**WHAT IS NEEDED**. Exactly the lines starting at the line containing "CULOTTE MENSTRUELLE SANS COUTURE" and ending at the line containing "Suspension en tissu Kamelia" are to be written out from the listing below, both included.

**DATA FOR REVIEW**.
========================================

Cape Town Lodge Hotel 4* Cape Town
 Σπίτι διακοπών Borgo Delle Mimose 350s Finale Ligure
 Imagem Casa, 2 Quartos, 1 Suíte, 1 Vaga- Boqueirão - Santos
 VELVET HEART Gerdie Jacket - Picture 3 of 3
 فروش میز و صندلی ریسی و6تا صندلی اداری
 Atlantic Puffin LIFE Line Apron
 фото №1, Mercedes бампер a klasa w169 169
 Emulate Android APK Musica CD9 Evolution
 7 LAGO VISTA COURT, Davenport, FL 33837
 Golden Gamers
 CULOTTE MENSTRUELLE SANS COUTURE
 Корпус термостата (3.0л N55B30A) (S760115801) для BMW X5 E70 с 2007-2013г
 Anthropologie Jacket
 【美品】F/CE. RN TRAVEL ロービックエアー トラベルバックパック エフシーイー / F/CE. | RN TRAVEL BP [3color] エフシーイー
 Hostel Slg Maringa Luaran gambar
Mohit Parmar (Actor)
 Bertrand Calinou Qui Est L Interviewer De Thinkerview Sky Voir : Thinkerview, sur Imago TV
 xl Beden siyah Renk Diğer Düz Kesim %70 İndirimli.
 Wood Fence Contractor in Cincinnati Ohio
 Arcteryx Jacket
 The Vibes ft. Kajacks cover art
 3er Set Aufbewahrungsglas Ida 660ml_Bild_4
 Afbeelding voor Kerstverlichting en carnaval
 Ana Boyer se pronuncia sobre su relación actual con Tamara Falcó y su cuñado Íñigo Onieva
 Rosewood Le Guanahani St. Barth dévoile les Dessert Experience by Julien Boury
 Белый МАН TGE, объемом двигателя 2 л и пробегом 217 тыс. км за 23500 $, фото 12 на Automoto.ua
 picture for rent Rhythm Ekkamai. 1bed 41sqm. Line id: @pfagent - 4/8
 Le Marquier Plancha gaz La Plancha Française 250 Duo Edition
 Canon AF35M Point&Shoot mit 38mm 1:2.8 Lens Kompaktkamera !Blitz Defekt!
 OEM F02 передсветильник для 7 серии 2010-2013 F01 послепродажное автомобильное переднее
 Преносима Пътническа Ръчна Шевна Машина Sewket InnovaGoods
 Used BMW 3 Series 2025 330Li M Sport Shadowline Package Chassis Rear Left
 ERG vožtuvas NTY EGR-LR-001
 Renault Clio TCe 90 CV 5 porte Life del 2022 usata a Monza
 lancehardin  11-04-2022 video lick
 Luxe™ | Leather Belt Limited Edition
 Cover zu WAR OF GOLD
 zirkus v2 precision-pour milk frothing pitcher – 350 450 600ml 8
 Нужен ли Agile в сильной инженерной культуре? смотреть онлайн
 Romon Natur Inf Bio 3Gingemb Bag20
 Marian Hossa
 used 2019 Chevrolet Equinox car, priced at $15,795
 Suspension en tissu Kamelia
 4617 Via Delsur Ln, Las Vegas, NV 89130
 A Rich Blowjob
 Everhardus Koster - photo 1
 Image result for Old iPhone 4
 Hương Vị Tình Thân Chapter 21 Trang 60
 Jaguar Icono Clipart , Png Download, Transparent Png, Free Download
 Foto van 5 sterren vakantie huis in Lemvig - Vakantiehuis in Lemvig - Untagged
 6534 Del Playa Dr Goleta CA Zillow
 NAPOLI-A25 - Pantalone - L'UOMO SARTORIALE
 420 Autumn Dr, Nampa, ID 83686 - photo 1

========================================

**EXERCISE ANSWER**.
 CULOTTE MENSTRUELLE SANS COUTURE
 Корпус термостата (3.0л N55B30A) (S760115801) для BMW X5 E70 с 2007-2013г
 Anthropologie Jacket
 【美品】F/CE. RN TRAVEL ロービックエアー トラベルバックパック エフシーイー / F/CE. | RN TRAVEL BP [3color] エフシーイー
 Hostel Slg Maringa Luaran gambar
Mohit Parmar (Actor)
 Bertrand Calinou Qui Est L Interviewer De Thinkerview Sky Voir : Thinkerview, sur Imago TV
 xl Beden siyah Renk Diğer Düz Kesim %70 İndirimli.
 Wood Fence Contractor in Cincinnati Ohio
 Arcteryx Jacket
 The Vibes ft. Kajacks cover art
 3er Set Aufbewahrungsglas Ida 660ml_Bild_4
 Afbeelding voor Kerstverlichting en carnaval
 Ana Boyer se pronuncia sobre su relación actual con Tamara Falcó y su cuñado Íñigo Onieva
 Rosewood Le Guanahani St. Barth dévoile les Dessert Experience by Julien Boury
 Белый МАН TGE, объемом двигателя 2 л и пробегом 217 тыс. км за 23500 $, фото 12 на Automoto.ua
 picture for rent Rhythm Ekkamai. 1bed 41sqm. Line id: @pfagent - 4/8
 Le Marquier Plancha gaz La Plancha Française 250 Duo Edition
 Canon AF35M Point&Shoot mit 38mm 1:2.8 Lens Kompaktkamera !Blitz Defekt!
 OEM F02 передсветильник для 7 серии 2010-2013 F01 послепродажное автомобильное переднее
 Преносима Пътническа Ръчна Шевна Машина Sewket InnovaGoods
 Used BMW 3 Series 2025 330Li M Sport Shadowline Package Chassis Rear Left
 ERG vožtuvas NTY EGR-LR-001
 Renault Clio TCe 90 CV 5 porte Life del 2022 usata a Monza
 lancehardin  11-04-2022 video lick
 Luxe™ | Leather Belt Limited Edition
 Cover zu WAR OF GOLD
 zirkus v2 precision-pour milk frothing pitcher – 350 450 600ml 8
 Нужен ли Agile в сильной инженерной культуре? смотреть онлайн
 Romon Natur Inf Bio 3Gingemb Bag20
 Marian Hossa
 used 2019 Chevrolet Equinox car, priced at $15,795
 Suspension en tissu Kamelia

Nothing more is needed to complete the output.